- _PROVIDED MATERIAL_
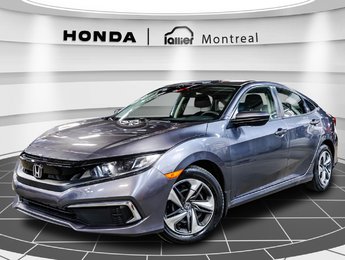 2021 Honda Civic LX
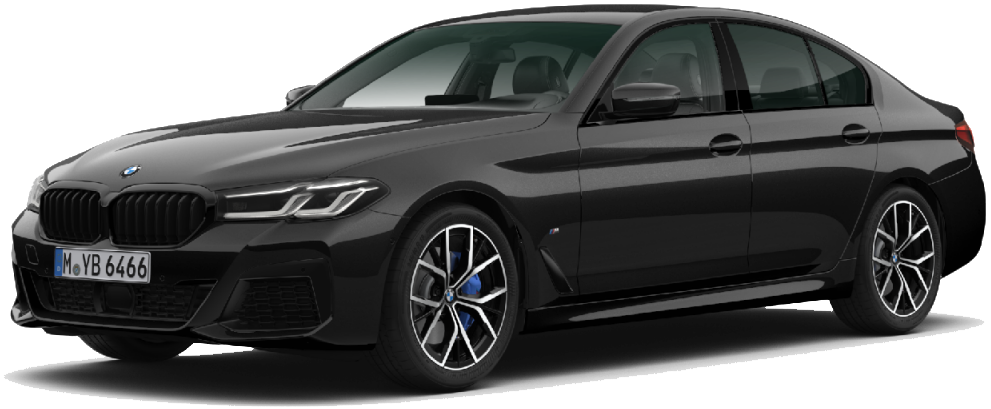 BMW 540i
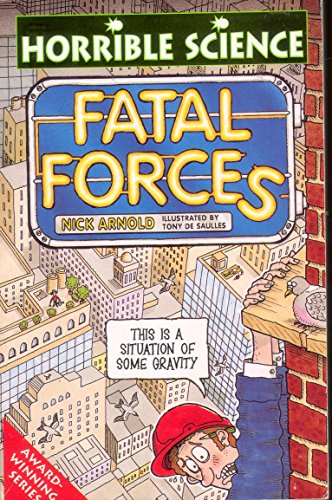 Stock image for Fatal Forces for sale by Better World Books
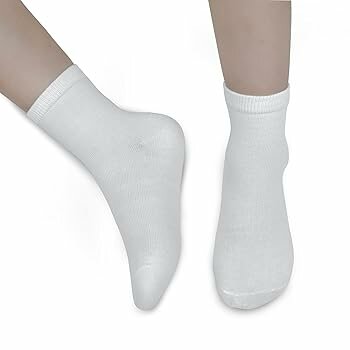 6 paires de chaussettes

- _WORK TASK_
Restate the listing above word for word, and skip the pictures.

- _WRITTEN ANSWER_
 2021 Honda Civic LX
 BMW 540i
 Stock image for Fatal Forces for sale by Better World Books
 6 paires de chaussettes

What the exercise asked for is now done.